Working with Freebase data on Amazon AWS
The Freebase data dumps are fairly large files which makes it time-consuming to download, unzip and process. One way to make it easier to work with these data dumps is to use a cloud-based service like Amazon AWS where you can just connect to the data immediately.
AWS Data Sets
Here's how to get started:
1. Launch an EC2 instance
- Sign up for Amazon AWS and log in to the EC2 Management Console.
- Click on the Launch Instance button and select one of the free Linux snapshots (ex. Basic 64-bit Amazon Linux AMI 2011.02.1 Beta)
- Make sure that you download the .pem file for your keypair so that you can SSH into your instance later on.

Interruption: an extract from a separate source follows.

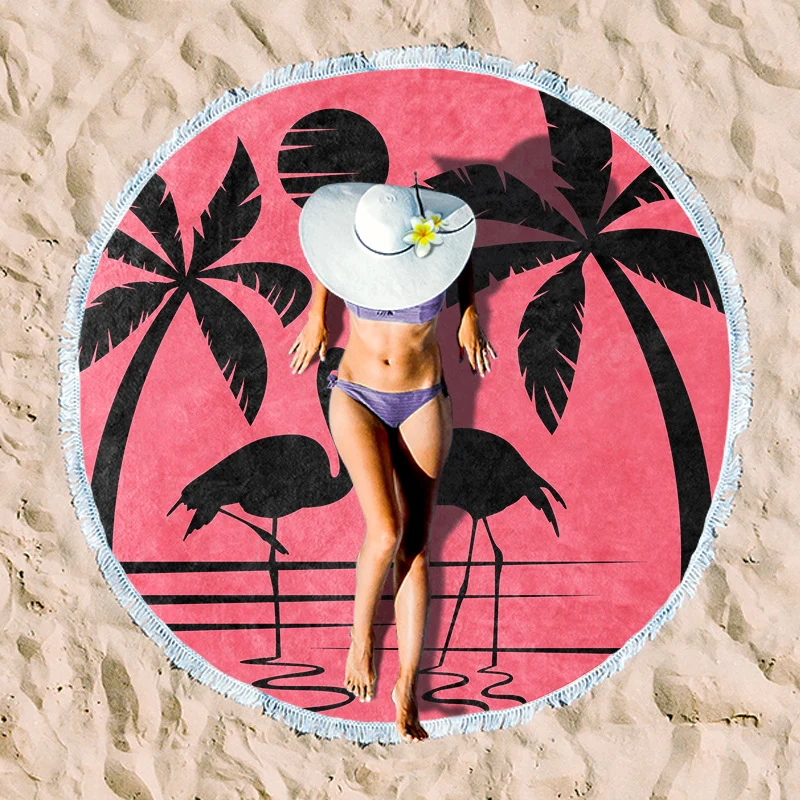 Rundes Strandtuch mit einzigartigem Ethno-Muster Skanto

- When you're done, you should see your instance with the status of "running" (it might take a minute or two to start up).
2. Create an EBS volume
- Now go to the Volumes section in navigation pane. you should already have one volume "in-use". This is the one that was created to host the OS for your instance.
- Click Create Volume to add a new volume to hold the Freebase data dump that you're interested in.
- In the dialog that opens choose a size (must be big enough to fit the data dump you're using).
- Make sure that you set the availability zone to be the same as your existing volume.
- Select one of the Freebase data dump snapshots from the drop down menu ( they're near the bottom). Then, click the Create button.
- If you refresh the Management Console you should now see your new volume listed as "available".
- Click the Attach Volume button and select your EC2 instance and choose a device (the default is fine).
3. SSH into your instance
- Go back to the Instances section and click on your instance. Then, in the bottom pane, scroll down to get the Public DNS for connecting to your instance.
- Open up a terminal or your favorite SSH client and connect to your instance like so:
ssh -i ~/your_keypair.pem email@example.com
Where your_keypair.pem is replaced with the name of the .pem file that you downloaded in Part 1 and ec2-123-45-678-910.compute-1.amazonaws.com is replaced with the Public DNS from the instances page.
4. Mount the EBS volume
- From SSH on your EC2 instance, create a freebase directory and mount the EBS volume there.
sudo mkdir /freebase sudo mount /dev/sdb1 /freebase chmod 777 /freebase
Congratulations, you're ready to start writing code and crunching data. Both of the data dumps contain uncompressed TSV files. You can see the format by just looking at the first 10 lines of a file like this:
head -10 /freebase/freebase-simple-topic-dump.tsv